Polyhydroxycarboxylic compounds can be also present in nuclear wastes as degradation products of other organic materials, particularly cellulose, or as additives in the concrete used in containers [2]. Diverse cement additives are present in concrete packaging and waste cementation. These additives can be also found in the grout used as a backfill around the containers in the repository. Simultaneously, the multidentate ligand behavior of these compounds may result in the solubilization of radionuclides, such as 60Co, 238Pu, 241Am, and 90Sr, thus rendering their disposal challenging [3-5]. Consequently, in accordance with the Nuclear Safety and Security Commission Notice No. 2021- 16, the determination of the chelating agent content in radioactive wastes is mandatory for their secure disposal. Although EDTA, NTA, and CA are commonly employed decontaminants in nuclear facilities in South Korea, only a few methods have been proposed for their quantification in radioactive wastes.

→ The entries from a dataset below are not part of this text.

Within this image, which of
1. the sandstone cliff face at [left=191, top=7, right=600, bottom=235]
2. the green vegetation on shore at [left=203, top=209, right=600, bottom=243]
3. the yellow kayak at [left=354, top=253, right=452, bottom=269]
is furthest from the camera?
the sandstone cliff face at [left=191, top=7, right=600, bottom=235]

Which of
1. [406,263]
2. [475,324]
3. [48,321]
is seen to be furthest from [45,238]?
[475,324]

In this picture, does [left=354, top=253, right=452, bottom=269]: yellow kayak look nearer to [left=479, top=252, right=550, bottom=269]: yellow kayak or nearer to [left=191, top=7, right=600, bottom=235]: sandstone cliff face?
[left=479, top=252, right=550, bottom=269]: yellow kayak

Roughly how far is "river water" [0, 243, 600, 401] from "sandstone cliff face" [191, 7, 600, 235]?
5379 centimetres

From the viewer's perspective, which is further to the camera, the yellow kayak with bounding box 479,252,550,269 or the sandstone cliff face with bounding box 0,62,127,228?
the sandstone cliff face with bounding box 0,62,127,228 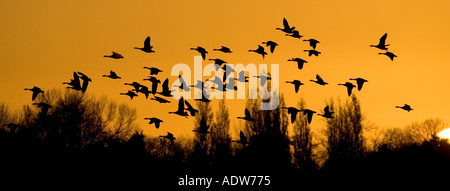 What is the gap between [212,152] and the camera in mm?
51281

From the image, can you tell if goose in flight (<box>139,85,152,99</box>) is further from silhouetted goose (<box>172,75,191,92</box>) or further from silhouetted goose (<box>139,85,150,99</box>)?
silhouetted goose (<box>172,75,191,92</box>)

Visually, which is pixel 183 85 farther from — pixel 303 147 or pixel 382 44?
pixel 303 147

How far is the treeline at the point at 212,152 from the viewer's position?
35.6 metres

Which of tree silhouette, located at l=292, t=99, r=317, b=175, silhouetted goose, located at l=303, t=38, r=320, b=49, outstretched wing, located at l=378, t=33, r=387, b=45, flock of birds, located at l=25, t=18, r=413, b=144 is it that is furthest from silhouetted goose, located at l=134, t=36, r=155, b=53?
tree silhouette, located at l=292, t=99, r=317, b=175

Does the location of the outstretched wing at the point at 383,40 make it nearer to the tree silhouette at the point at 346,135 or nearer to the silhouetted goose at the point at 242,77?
the silhouetted goose at the point at 242,77

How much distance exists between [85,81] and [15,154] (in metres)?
15.1

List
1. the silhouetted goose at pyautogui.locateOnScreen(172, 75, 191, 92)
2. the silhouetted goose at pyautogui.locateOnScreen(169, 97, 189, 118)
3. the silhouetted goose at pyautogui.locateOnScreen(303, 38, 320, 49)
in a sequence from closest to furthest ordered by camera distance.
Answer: the silhouetted goose at pyautogui.locateOnScreen(169, 97, 189, 118)
the silhouetted goose at pyautogui.locateOnScreen(303, 38, 320, 49)
the silhouetted goose at pyautogui.locateOnScreen(172, 75, 191, 92)

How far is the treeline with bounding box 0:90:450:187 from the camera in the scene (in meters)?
35.6

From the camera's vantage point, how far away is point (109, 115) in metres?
54.9

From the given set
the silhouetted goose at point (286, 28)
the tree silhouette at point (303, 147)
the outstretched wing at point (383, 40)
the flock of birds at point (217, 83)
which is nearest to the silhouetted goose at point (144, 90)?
the flock of birds at point (217, 83)

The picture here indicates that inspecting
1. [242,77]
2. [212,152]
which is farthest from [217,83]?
[212,152]

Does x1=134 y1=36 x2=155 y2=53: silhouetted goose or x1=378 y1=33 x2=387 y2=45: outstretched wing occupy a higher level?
x1=378 y1=33 x2=387 y2=45: outstretched wing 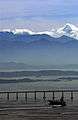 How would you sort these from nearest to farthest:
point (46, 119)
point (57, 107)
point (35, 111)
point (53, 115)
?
point (46, 119) < point (53, 115) < point (35, 111) < point (57, 107)

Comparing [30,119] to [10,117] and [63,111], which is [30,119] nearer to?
[10,117]

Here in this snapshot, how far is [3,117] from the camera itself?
4872cm

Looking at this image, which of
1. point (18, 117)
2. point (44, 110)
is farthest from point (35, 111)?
point (18, 117)

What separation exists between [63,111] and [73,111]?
100cm

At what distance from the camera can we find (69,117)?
4891cm

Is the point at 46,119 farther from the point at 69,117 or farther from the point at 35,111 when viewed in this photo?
the point at 35,111

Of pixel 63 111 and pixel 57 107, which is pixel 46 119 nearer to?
pixel 63 111

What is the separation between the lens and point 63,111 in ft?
179

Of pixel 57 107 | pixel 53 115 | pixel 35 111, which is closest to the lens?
pixel 53 115

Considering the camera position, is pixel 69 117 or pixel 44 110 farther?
pixel 44 110

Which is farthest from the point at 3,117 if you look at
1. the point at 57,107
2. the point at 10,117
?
the point at 57,107

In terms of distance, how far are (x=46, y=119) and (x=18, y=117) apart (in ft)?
9.55

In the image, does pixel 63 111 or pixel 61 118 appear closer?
pixel 61 118

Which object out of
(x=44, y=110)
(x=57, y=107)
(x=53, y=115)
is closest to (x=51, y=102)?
(x=57, y=107) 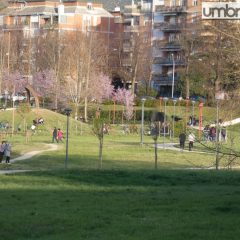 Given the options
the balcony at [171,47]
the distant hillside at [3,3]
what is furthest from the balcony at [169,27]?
the distant hillside at [3,3]

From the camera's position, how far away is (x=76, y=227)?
1290cm

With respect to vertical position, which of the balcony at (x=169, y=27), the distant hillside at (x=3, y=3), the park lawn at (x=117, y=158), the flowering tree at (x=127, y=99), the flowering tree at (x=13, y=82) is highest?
the distant hillside at (x=3, y=3)

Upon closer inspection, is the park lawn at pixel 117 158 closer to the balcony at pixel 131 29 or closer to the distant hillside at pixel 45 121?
the distant hillside at pixel 45 121

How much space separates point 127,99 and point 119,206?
67.6 m

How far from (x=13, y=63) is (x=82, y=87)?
54.8 feet

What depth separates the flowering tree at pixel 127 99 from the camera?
7953cm

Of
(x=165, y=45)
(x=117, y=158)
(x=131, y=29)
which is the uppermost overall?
(x=131, y=29)

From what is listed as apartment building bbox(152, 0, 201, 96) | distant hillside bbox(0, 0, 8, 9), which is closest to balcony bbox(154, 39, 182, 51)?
apartment building bbox(152, 0, 201, 96)

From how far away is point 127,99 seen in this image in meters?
83.6

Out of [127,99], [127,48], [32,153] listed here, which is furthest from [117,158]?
[127,48]

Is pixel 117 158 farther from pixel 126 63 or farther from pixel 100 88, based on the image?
pixel 126 63

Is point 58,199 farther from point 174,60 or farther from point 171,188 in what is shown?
point 174,60

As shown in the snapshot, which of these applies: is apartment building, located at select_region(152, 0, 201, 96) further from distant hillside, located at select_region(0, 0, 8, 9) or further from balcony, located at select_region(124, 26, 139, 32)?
distant hillside, located at select_region(0, 0, 8, 9)

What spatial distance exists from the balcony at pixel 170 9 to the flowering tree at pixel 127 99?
1407 cm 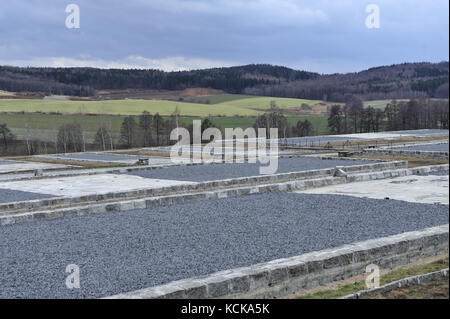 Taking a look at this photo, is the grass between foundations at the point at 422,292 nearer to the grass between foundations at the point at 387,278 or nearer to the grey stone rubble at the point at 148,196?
the grass between foundations at the point at 387,278

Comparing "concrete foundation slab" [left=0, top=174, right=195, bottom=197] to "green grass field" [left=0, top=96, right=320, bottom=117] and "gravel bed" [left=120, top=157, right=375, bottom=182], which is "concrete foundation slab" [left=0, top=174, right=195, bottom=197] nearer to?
"gravel bed" [left=120, top=157, right=375, bottom=182]

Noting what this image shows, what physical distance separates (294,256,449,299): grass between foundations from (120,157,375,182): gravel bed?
1141 centimetres

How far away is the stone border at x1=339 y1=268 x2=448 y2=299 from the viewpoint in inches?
266

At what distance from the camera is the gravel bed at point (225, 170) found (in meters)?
20.5

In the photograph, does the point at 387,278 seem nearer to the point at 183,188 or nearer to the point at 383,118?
the point at 183,188

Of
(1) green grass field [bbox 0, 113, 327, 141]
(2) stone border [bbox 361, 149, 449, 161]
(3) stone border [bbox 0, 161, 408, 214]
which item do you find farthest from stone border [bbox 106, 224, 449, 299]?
(1) green grass field [bbox 0, 113, 327, 141]

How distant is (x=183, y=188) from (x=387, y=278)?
9.77 meters

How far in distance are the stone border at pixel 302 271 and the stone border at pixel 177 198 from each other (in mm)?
6494

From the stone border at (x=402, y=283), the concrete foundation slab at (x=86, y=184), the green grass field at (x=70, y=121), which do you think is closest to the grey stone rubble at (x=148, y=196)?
the concrete foundation slab at (x=86, y=184)

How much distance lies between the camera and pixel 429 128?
57.9m

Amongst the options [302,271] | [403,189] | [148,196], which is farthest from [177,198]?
[302,271]

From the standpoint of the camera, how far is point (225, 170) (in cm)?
2245

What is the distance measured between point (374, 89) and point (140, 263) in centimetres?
7349

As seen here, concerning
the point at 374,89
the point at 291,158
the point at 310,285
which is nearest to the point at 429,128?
the point at 374,89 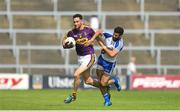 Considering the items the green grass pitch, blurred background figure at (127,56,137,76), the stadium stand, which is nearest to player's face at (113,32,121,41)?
the green grass pitch

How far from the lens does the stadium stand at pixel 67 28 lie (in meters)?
37.3

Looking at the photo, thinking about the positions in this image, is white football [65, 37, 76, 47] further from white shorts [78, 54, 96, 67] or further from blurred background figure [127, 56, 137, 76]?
blurred background figure [127, 56, 137, 76]


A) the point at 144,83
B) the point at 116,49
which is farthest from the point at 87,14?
the point at 116,49

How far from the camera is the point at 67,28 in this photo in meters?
40.2

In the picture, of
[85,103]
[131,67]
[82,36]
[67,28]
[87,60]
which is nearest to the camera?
[82,36]

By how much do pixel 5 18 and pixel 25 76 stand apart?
24.9 feet

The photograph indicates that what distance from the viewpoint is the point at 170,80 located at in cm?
3409

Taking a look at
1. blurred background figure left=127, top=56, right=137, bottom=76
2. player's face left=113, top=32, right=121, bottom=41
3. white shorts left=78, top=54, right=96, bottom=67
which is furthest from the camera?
blurred background figure left=127, top=56, right=137, bottom=76

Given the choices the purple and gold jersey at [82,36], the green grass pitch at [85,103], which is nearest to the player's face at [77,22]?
the purple and gold jersey at [82,36]

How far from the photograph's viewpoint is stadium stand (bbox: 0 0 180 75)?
37.3 m

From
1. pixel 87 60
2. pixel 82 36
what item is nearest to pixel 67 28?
pixel 87 60

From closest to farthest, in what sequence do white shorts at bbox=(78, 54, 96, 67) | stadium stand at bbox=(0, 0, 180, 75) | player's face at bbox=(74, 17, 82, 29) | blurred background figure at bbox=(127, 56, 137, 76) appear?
player's face at bbox=(74, 17, 82, 29) < white shorts at bbox=(78, 54, 96, 67) < blurred background figure at bbox=(127, 56, 137, 76) < stadium stand at bbox=(0, 0, 180, 75)

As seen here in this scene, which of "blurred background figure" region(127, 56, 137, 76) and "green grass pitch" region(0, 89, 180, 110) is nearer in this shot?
"green grass pitch" region(0, 89, 180, 110)

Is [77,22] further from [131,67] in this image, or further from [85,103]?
[131,67] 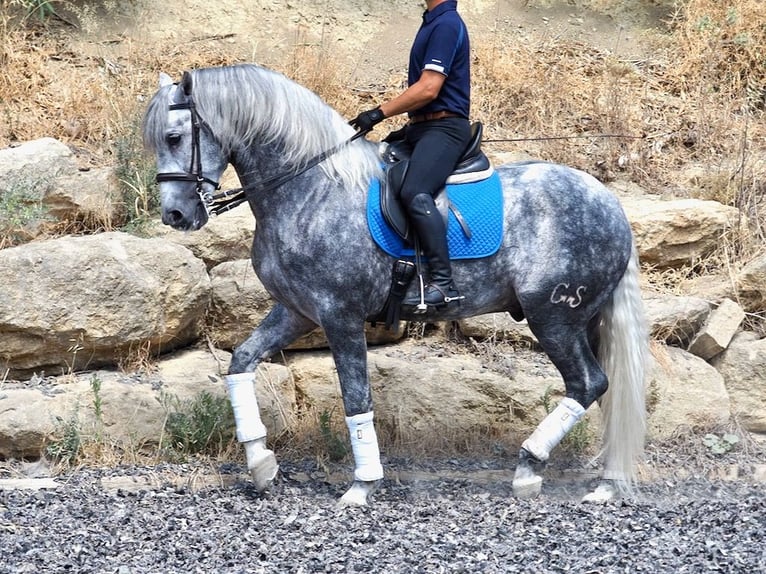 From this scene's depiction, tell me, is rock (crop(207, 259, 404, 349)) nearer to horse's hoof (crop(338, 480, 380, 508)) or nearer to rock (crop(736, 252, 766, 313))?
horse's hoof (crop(338, 480, 380, 508))

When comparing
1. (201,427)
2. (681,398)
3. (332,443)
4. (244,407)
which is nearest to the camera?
(244,407)

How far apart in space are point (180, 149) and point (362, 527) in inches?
87.8

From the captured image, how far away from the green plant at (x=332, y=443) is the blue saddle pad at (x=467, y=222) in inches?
61.7

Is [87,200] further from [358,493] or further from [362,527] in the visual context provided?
[362,527]

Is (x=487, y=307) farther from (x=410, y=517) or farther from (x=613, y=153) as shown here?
(x=613, y=153)

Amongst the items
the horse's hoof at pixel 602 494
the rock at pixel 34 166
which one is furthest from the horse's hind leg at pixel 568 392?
the rock at pixel 34 166

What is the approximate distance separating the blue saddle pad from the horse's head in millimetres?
931

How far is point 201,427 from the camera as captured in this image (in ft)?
21.3

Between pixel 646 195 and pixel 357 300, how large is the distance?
412cm

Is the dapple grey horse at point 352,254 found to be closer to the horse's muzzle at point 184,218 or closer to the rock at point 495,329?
the horse's muzzle at point 184,218

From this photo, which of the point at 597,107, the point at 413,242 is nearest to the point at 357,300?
the point at 413,242

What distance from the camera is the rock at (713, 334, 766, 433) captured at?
7594mm

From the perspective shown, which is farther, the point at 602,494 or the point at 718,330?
the point at 718,330

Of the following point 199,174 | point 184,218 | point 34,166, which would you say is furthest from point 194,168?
point 34,166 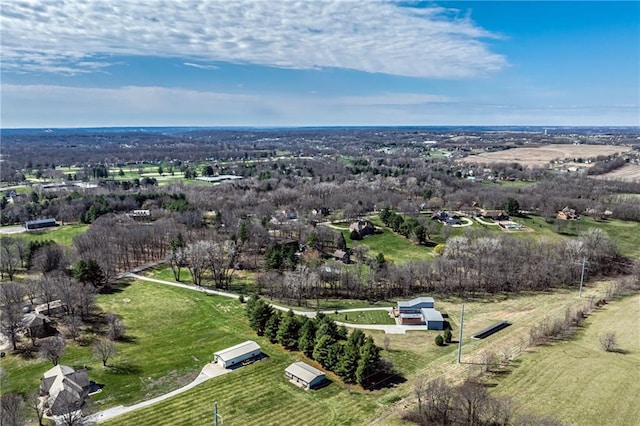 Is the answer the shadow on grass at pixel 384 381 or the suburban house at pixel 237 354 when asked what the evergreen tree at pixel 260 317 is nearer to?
the suburban house at pixel 237 354

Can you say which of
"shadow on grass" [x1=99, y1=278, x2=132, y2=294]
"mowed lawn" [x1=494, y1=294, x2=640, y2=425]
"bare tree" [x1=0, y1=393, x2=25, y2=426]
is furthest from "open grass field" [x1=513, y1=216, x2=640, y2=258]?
"bare tree" [x1=0, y1=393, x2=25, y2=426]

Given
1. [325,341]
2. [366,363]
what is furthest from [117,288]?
[366,363]

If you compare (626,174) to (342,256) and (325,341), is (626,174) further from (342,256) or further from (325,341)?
(325,341)

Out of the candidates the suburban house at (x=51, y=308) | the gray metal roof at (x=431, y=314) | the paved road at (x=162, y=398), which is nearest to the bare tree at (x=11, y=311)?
the suburban house at (x=51, y=308)

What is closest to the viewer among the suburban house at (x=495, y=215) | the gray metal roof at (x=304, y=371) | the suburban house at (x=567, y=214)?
the gray metal roof at (x=304, y=371)

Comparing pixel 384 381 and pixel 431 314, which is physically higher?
pixel 431 314

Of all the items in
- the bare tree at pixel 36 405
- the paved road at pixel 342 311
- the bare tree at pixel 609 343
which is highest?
the bare tree at pixel 609 343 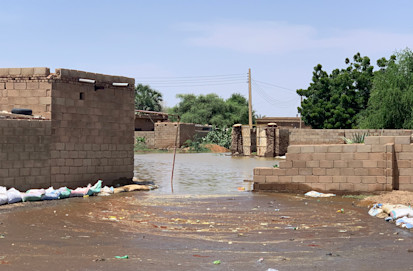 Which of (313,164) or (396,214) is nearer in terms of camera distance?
(396,214)

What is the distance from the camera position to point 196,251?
7992 mm

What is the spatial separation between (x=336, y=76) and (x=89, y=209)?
41480 mm

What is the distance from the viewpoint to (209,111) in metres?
72.2

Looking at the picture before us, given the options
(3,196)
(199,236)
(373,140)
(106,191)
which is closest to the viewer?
(199,236)

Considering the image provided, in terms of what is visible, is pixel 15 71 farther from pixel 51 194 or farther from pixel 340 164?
pixel 340 164

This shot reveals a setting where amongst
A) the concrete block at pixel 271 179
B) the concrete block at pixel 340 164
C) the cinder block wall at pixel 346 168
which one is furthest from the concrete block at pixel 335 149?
the concrete block at pixel 271 179

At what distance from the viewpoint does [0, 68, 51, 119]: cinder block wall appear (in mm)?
15008

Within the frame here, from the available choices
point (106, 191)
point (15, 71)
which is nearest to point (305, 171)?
point (106, 191)

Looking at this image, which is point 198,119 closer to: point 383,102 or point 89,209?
point 383,102

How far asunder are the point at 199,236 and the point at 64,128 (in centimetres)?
752

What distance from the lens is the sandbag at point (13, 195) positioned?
Answer: 12987mm

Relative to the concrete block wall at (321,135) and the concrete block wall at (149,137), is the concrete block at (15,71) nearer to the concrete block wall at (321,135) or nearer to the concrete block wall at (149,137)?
the concrete block wall at (321,135)

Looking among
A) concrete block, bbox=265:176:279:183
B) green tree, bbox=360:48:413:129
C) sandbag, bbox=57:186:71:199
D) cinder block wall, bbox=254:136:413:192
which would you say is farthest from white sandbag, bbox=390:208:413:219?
green tree, bbox=360:48:413:129

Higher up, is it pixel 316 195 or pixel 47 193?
pixel 47 193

Owens et al. reported the application of capillary electrophoresis for chelate analysis, where electropherograms for NTA and EDTA and their metal complexes were obtained in a phosphate buffer by direct UV detection [6]. Furthermore, Padarauskas and Schwedt employed capillary zone electrophoresis to separate Co(III), Bi(III), Fe(III), Cr(III), V(IV), Pb(II), Hg(II), Co(II), Cu(II) and Ni(II) metal ions complexed with common aminopolycarboxylic acids [7]. Conductimetric [8], chromatographic [9], and enzymatic [10] methods have been employed for the detection of CA. For instance, the classical method for the determination of CA relies on enzymatic reactions of citrate lyase, lactate dehydrogenase, and malate dehydrogenase while spectrophotometrically monitoring the consumption of the reduced nicotinamide adenine dinucleotide at 340 nm. Although the gas chromatographic detection of CA is highly sensitive and with a high separation efficiency, it requires several preparation steps [11]. Consequently, these two methods are time-consuming [12].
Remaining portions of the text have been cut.